You can invest passively either on your own or you can setup an investment club ( bit like a book club evening ) and make it fun. Make it a treasure hunt. What better way to spend a cold and wet December Tuesday evening drinking wine and nibbling cheese looking for a gem of a company that you can invest in to make some money.

It’s all very well trying to unravel Heathcliff’s love for Cathy but what a great way spend an evening asking questions such as;

  1. What’s Aviva’s dividend this year?
  2. Is hydrogen going to be the next big clean energy sector and what companies are in the market already?
  3. If Putin’s banks are frozen out of international markets what banks will benefit from the reduction in competition?

Or is that just me, lol?

Trading vs Investing: What you need to know – Conclusion

Trading is the process of jumping in and out of a series of time periods buying and selling shares based on supply and demand indicators using the candlestick method to determine which way a share price is going to go.

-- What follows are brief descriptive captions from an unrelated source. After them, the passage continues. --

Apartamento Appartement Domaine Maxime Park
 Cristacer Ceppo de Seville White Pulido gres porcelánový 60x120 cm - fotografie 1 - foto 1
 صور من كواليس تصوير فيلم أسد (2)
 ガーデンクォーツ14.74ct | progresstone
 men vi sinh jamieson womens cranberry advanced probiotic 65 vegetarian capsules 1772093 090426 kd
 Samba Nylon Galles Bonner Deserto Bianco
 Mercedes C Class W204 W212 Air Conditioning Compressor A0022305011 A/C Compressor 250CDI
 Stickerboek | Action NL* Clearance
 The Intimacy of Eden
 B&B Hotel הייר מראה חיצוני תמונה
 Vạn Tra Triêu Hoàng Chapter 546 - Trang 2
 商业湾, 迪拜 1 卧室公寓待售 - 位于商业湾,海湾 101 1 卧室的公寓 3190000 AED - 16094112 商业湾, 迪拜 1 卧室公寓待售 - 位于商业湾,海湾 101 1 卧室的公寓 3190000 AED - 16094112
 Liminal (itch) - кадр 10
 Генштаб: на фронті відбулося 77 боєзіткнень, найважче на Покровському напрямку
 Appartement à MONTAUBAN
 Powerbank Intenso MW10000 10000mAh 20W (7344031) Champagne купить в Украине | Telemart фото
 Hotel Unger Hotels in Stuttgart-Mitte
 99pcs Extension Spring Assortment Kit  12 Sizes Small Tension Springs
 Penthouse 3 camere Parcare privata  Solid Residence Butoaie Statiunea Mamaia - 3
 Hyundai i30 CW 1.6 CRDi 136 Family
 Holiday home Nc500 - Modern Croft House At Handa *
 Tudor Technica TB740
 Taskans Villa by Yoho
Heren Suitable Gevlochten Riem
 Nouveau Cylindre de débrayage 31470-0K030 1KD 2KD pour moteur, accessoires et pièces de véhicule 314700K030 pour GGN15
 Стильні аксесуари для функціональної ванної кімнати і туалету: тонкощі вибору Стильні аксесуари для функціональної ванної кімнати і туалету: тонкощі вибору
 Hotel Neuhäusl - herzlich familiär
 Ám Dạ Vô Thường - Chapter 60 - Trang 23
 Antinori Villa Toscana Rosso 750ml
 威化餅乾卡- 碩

Everyone is trying to out do the other and this is performed on a very large scale worldwide daily.

Investing is the process of building wealth through either actively changing portfolios on a regular basis or by passively buying shares and holding them for a long time and adding more shares along the way; a buy and forget and let it build style.

The problem with the Stock Market is that it has a perception of just being about trading. Pin stripe suits with red braces people shouting buy/sell, buy/sell all day long using convoluted and complicated jargon which I hope by know you know that’s not the case at all. There are a whole bunch of different methods to stock market investing that you can fit into your lifestyle.

For me it’s a passive investing approach ( where I can allocate my time to travel, enjoyment and investing research) wherever I am in the world. I don’t have the time to be a trader or an active investor. Those methods are full time jobs otherwise they just don’t work.